Chilean economic boom and decline

As the victor and possessor of a new coastal territory following the War of the Pacific, Chile benefited by gaining a lucrative territory with significant mineral income. The national treasury grew by 900% between 1879 and 1902 because of taxes coming from the newly-acquired lands. British involvement and control of the nitrate industry rose significantly, but from 1901 to 1921, Chilean ownership increased from 15% to 51%. The growth of Chilean economy sustained in its saltpetre monopoly and meant that compared to the previous growth cycle (1832–1873), the economy became less diversified and overly dependent on a single natural resource. In addition, Chilean nitrate, used worldwide as fertilizer, was sensitive to economic downturns, as farmers made cuts on fertilizer use one of their earliest economic measures in the face of economic decline. It has been questioned whether or not the nitrate wealth conquered in the War of the Pacific was a resource curse. During the Nitrate Epoch, the government increased public spending but was accused of squandering money.

Rise of Bolivian and Peruvian anti-Chilean sentiment

Historical and current anti-Chilean resentiment in Bolivia, Peru, and Argentina was caused by the 19th-century Chilean expansionism. The War of the Pacific contributed decisively in the first two of those countries.

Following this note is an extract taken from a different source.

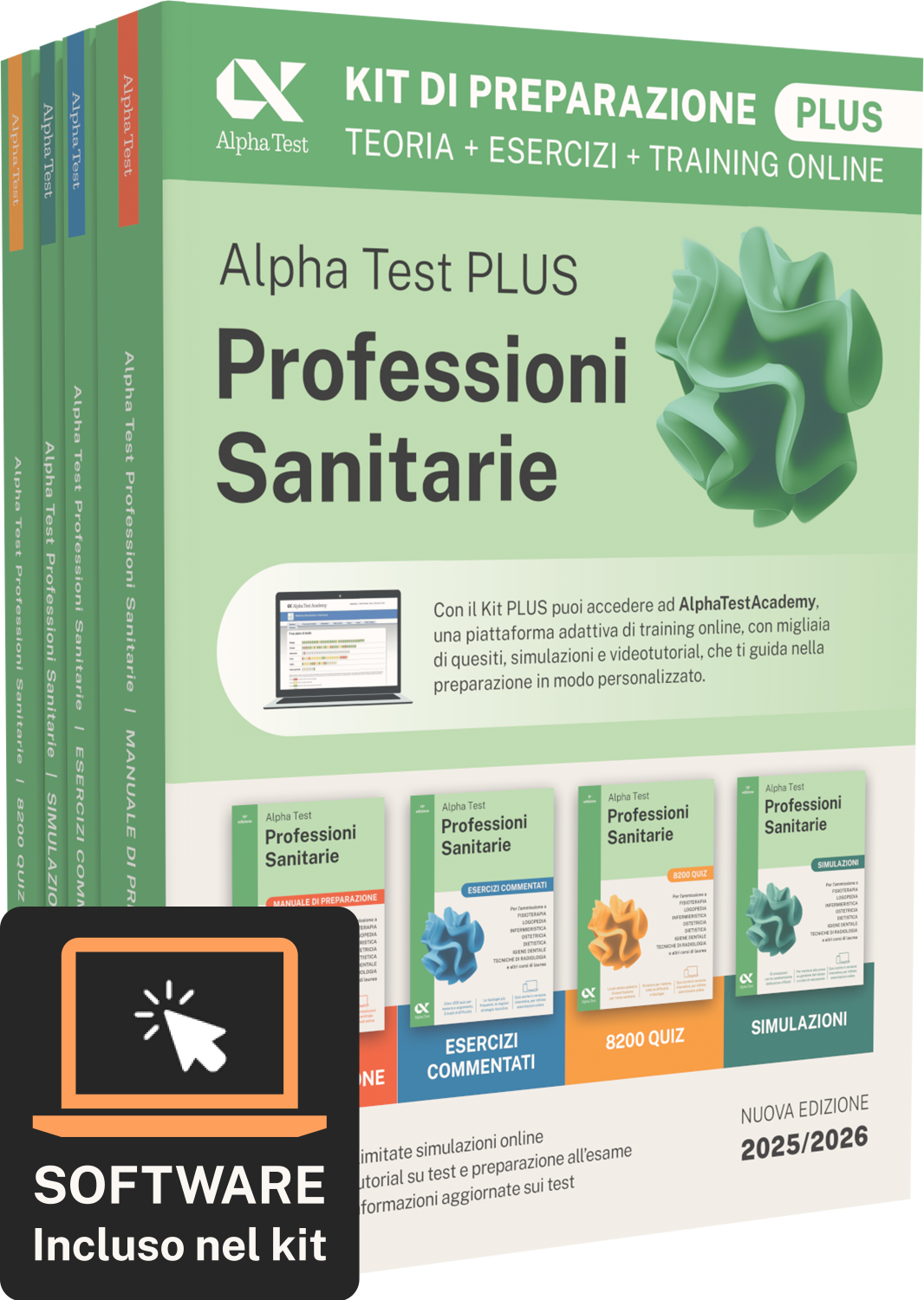 06 - Alpha Test Plus Professioni Sanitarie - Kit di preparazione Plus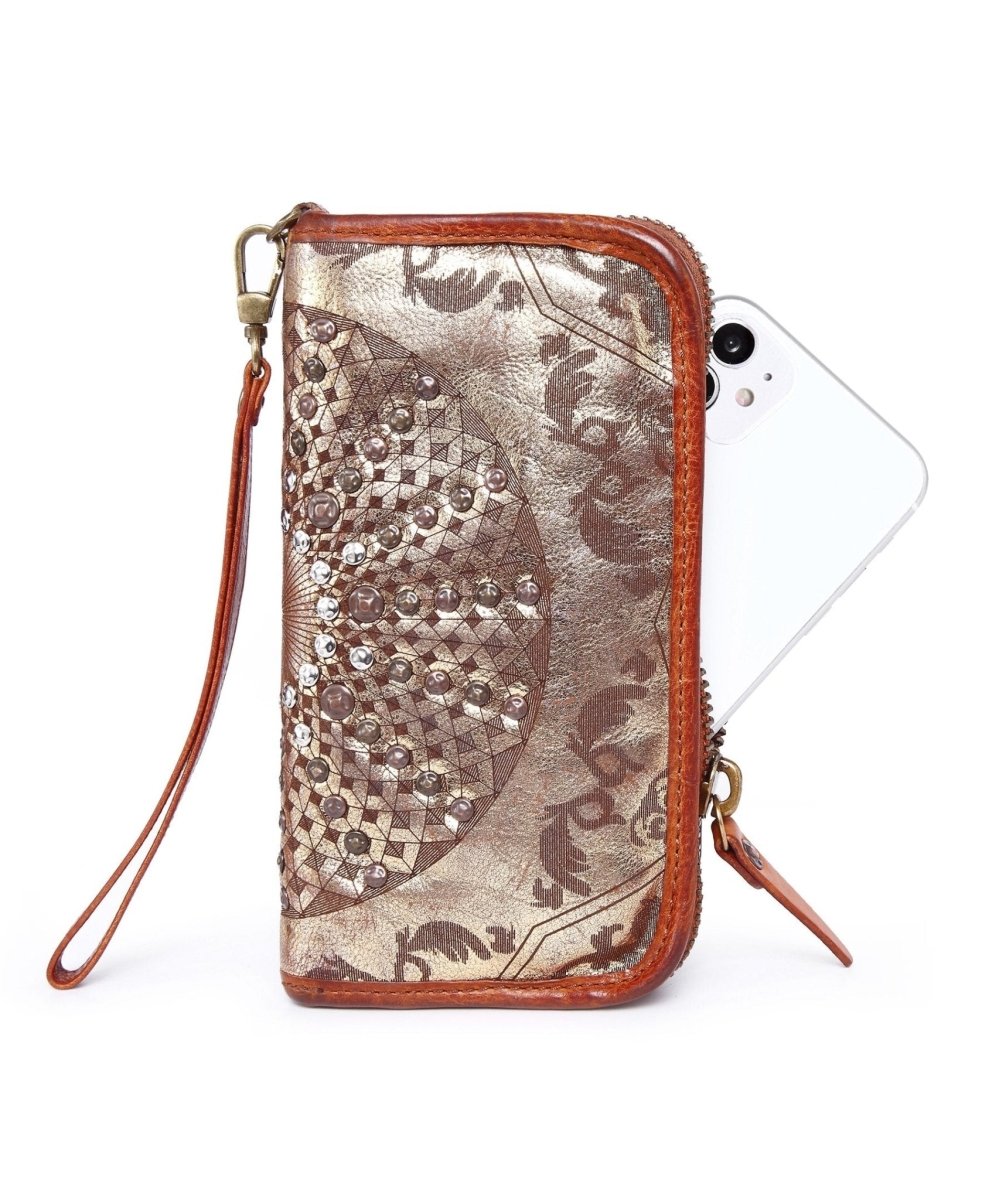 Bags & Luggage - Women's Bags - Clutches Golden Mola Leather Clutch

In Bolivia, a common political discourse attributes that country's underdevelopment to its loss of seaports in the War of the Pacific becoming a landlocked country. Bolivia lost its Litoral Department and its outlet to the Pacific Ocean, following that war. Currently Chile's huge copper vein in the Atacama Desert, which makes Chile the largest copper exporter in the world, is held in the lands claimed by Bolivia; the same lands lost during the war.

In Peru, a strong anti-Chilean sentiment exists because it lost "a large chunk of its southern territory to Chile" in the War of the Pacific. Peru lost its provinces of Tarapaca and Arica and then suffered the indignity of having its capital, Lima, occupied by Chile at the end of the war and even essentially ransacked.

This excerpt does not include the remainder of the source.